Don’t be afraid of taking a break. Rest days are essential for rebuilding your body and preparing you for your next workout. I have seen this countless times with my own body. There are times when I run for days on end, with my strength and progress slowly decreasing each passing day. But, after a decent break, I find my pace increasing, my stamina picking up, and my muscles firing to go. While I don’t like taking breaks from running, it’s always worth it.
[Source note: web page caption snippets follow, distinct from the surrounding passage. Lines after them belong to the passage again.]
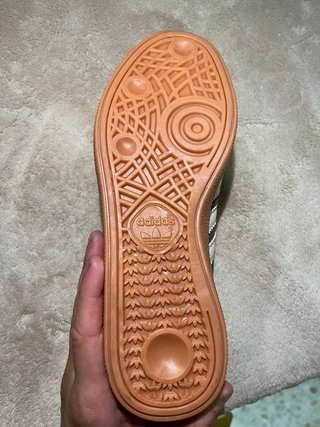 Adidas Spezial Marrones y Blancas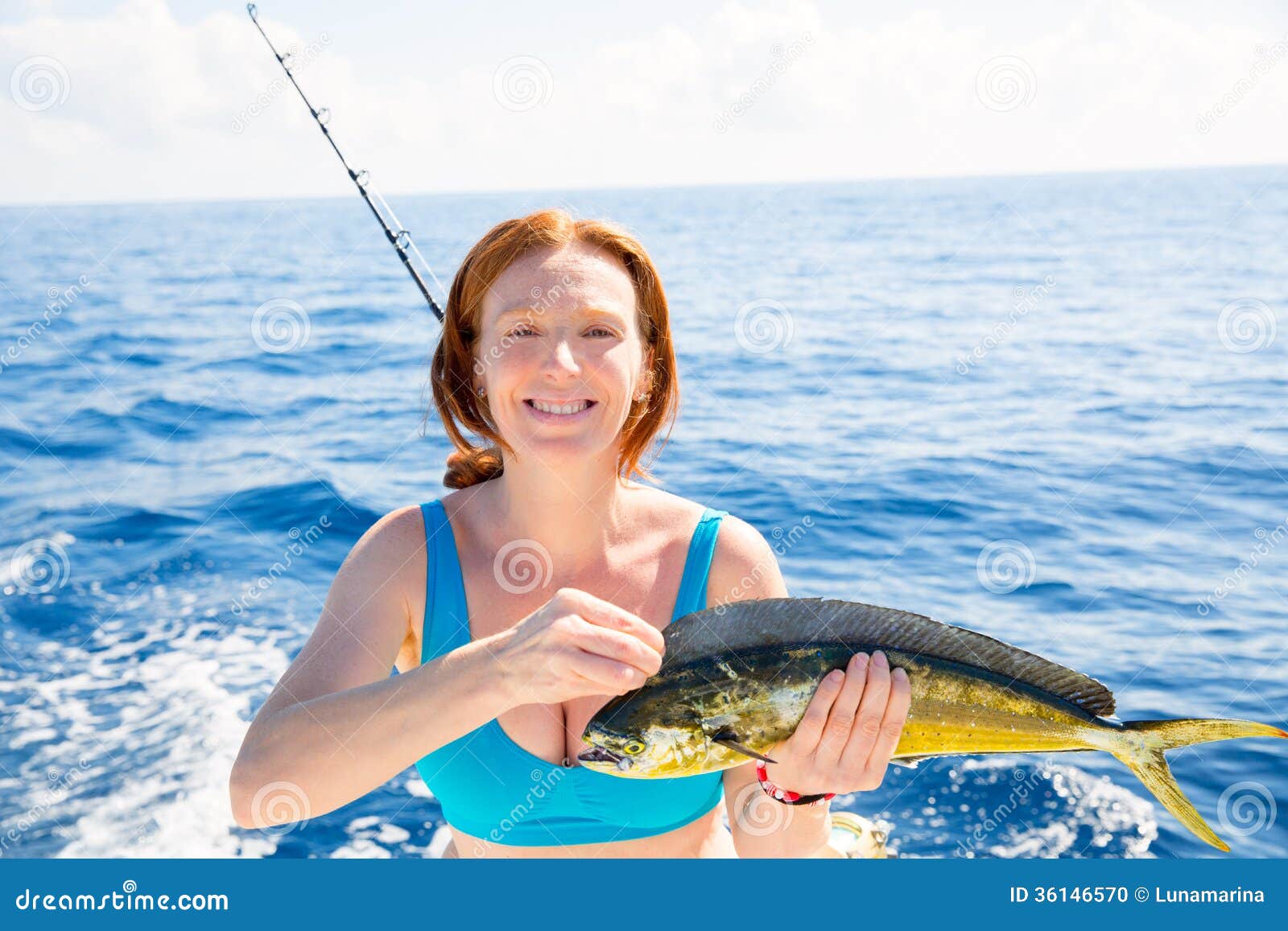 Woman Fishing Dorado Mahi-mahi Fish Happy Catch Stock Photo - Image of  foam, nature: 36146570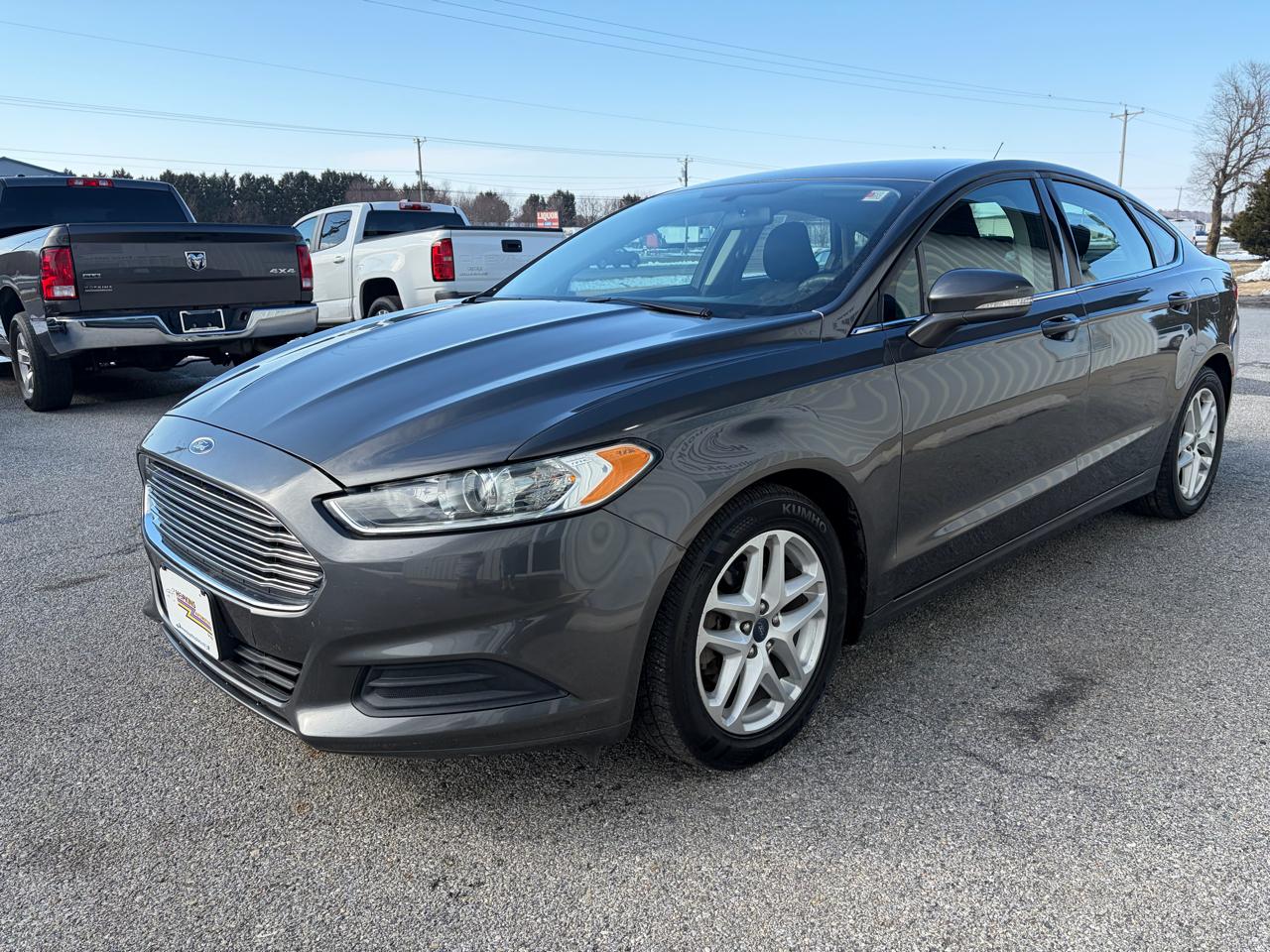 Ford Fusion 4dr Sdn SE FWD 2016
There are injuries that are caused by running that prevent us from engaging in the sport at all. If this is you, then you don’t need reminding that injuries are a good indication you’re running too much. On the other hand, many of us run with injuries and fail to stop and address them. Yes, I know I’m the number one culprit of this so, I’m not pointing fingers. When you love the sport, it’s hard to justify having small aches and pains limit participating in it. But, maybe they should. Injury is your body’s clearest sign telling you you’re running too much. It’s like your car’s check engine light that keeps blinking at you. Yes, it’s annoying, but it’s probably better you pay attention to it sooner rather than later.
Just because the running community is a tough bunch that can run through pain doesn’t mean it’s right. If you feel an injury coming on, it’s a good idea to take a break and be evaluated by your doctor or physical therapist. Believe me, as I wrote about in my book, a small calf strain becomes a calf tear when you self-diagnosis yourself and give yourself a treatment of increased running. It doesn’t become a healed calf. Listen to your body and don’t ignore it. It’s easier said than done, but it’s important.
When you love to run, it’s easy to go overboard and start to overtrain and run too much. If you recognize any of the signs above, consider making changes in your running routine. While this doesn’t mean you need to give up the sport forever, it might mean that you take a break from it and reevaluate your running goals. Don’t worry, your running shoes will be waiting for you when you get back.